Aumento spese militari: è una corsa al riarmo?
Il professor Coticchia ha poi aggiunto: “nel corso degli anni l’Italia ha avuto una politica precisa in questo senso. Il ministro della Difesa, Lorenzo Guerini, ha ribadito che bisogna investire per ottenere prestigio e credibilità a livello internazionale”.
“La politica del governo è stata basata anche sulla necessità di tutelare gli interessi nazionali del mediterraneo allargato e di aumentare la capacità della nostra industria militare”. Secondo il professore Coticchia, quindi, non è tanto importante riflettere su quanto si spende ma più che altro su come si spende.
Ecco le parole del docente universitario: “c’è una riflessione ancora limitata sulla strategia e sulla politica estera, gli interessi che andiamo a difendere non sono esplicitati. Per quanto riguarda gli investimenti occorre domandarsi: acquisire armi sì, ma per fare cosa? In tutto questo il controllo del Parlamento sull’acquisizione di armi è ancora molto limitato, come si evince dalla brevità dei tempi di lavoro delle commissioni su questi provvedimenti”.
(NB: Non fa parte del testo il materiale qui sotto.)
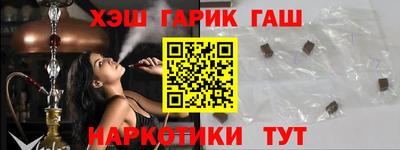 мефедрон VHQ Гатчина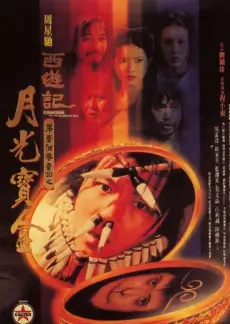 暗涌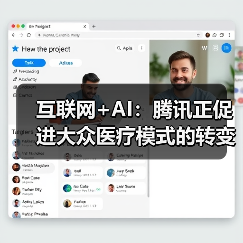 互联网+AI:腾讯正促进大众医疗模式的转变(图2) 互联网+AI:腾讯正促进大众医疗模式的转变(图2)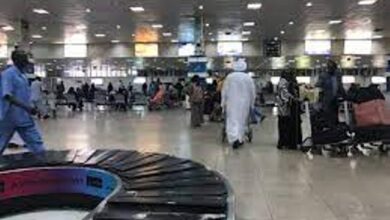 صالة الوصول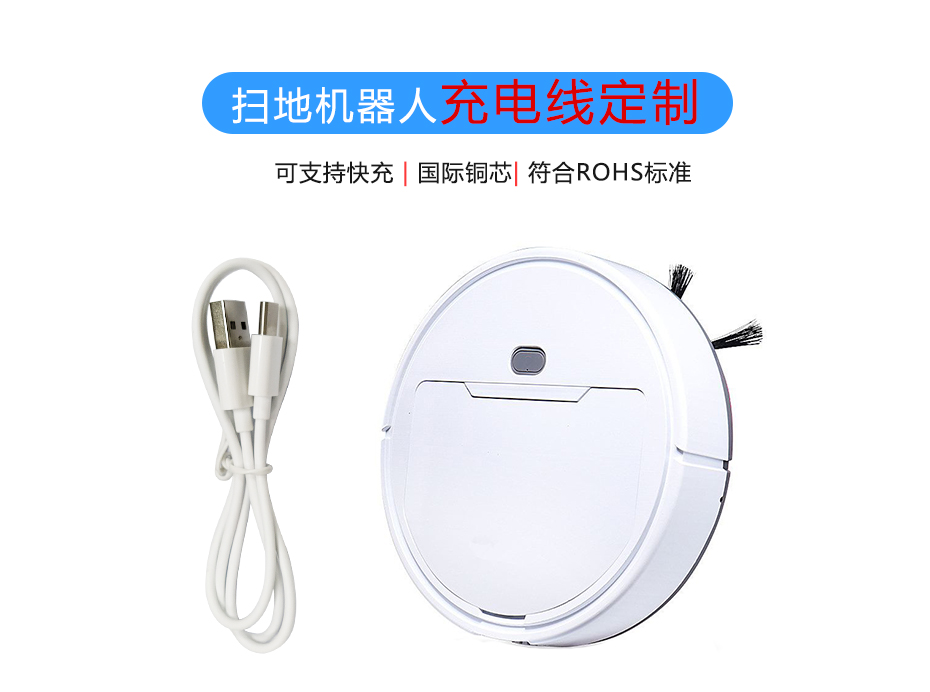 掃地機器人充電線定制，聯鑫德誠數據線廠家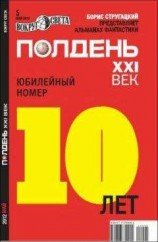 читать Полдень XXI век, 2012 № 05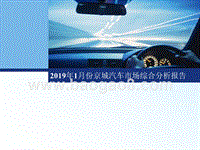 2019年1月份京城汽车市场综合分析报告.pptx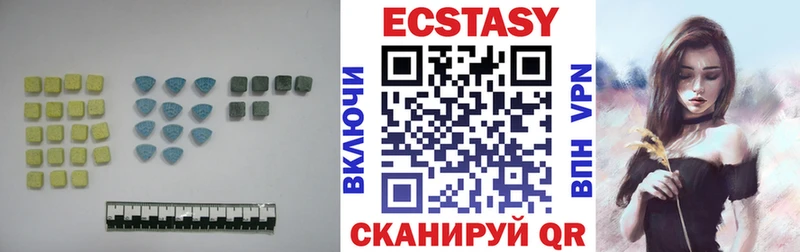 как найти закладки  kraken рабочий сайт  ЭКСТАЗИ 300 mg  Буй 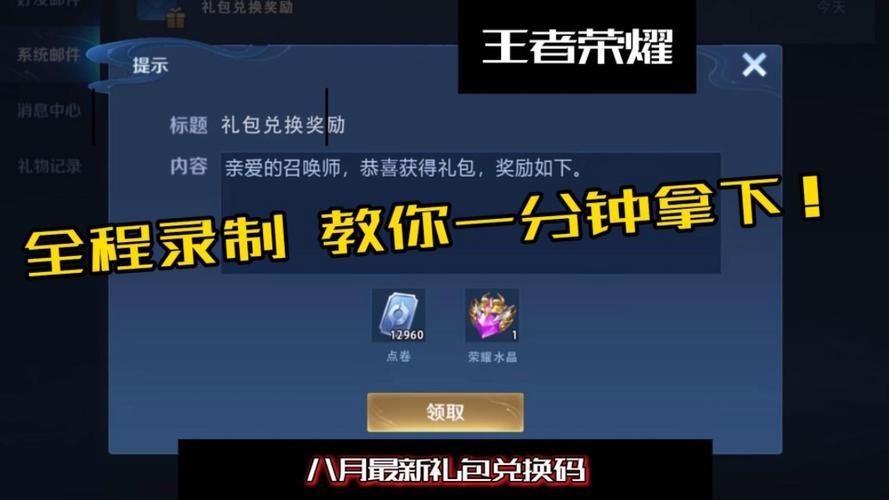 王者荣耀如何获得礼包（怎么样领王者荣耀礼包）-第5张图片-无暮网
Ma questo non è tutto. Sempre durante un’intervista a Upday, Denise Serangelo, presidente del think tank Analytica for intelligence and security, ha sottolineato come l’aumento della spesa militare e il riarmo siano in realtà due concetti distinti e non vadano, quindi, di pari passo.
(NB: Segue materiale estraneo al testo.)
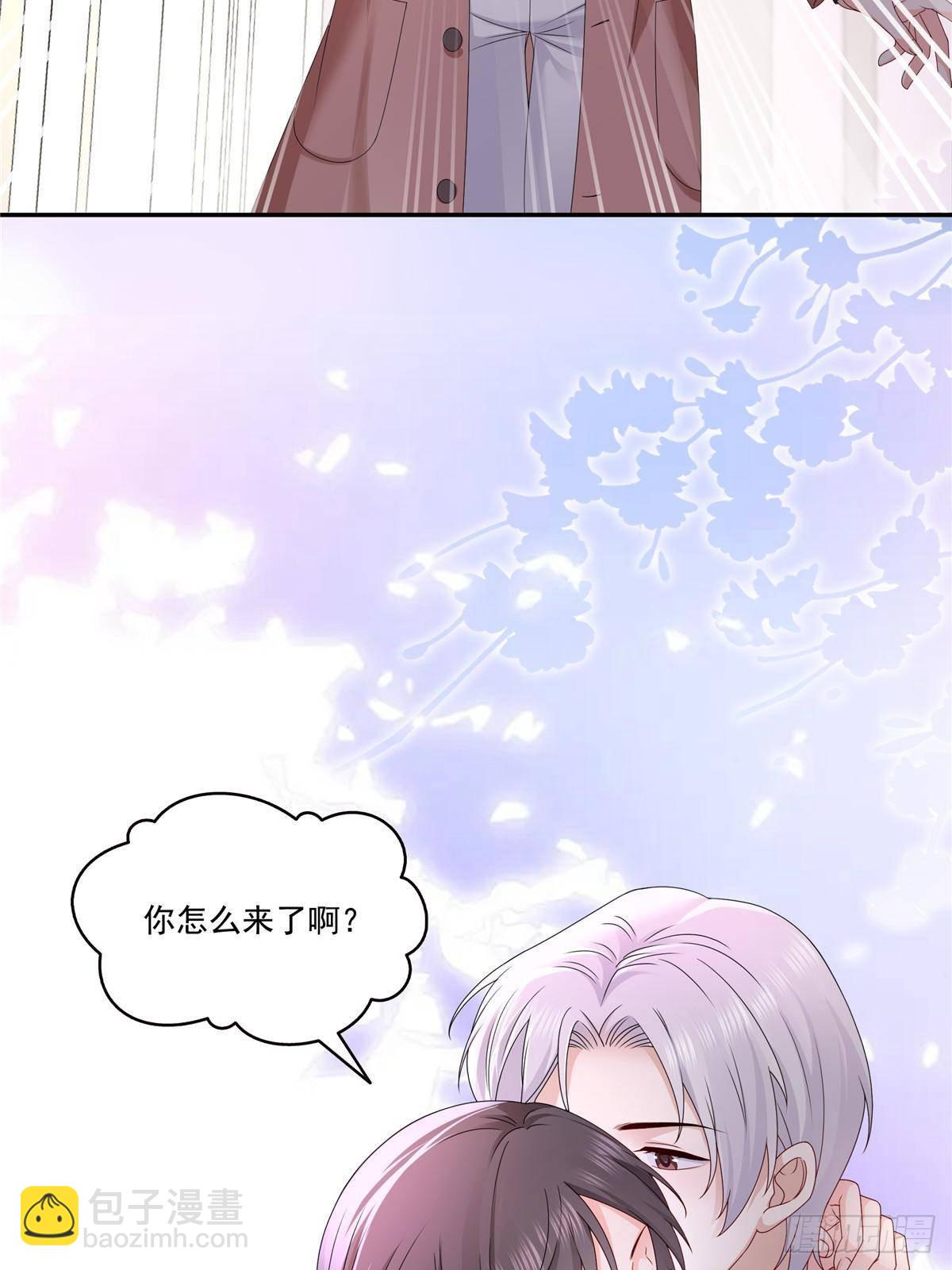 第496话 修罗主来了-第499话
In questo caso, specifica, non si tratterebbe assolutamente di una corsa al riarmo: “non bisogna commettere l’errore – sottolinea l’esperta – di collegare direttamente l’aumento delle spese militari a una vera e propria politica di riarmo. Il famoso 2% riguarderà probabilmente investimenti sul personale“.
“Questo vuol dire ampliare il bacino di arruolamento con ufficiali e sottoufficiali. In Italia si dice che ce ne sono già troppi, ma la verità è che soprattutto gli ufficiali sono ampiamente sotto organico. Manca invece la base, come tenenti e capitani che comandano plotoni e compagnie”.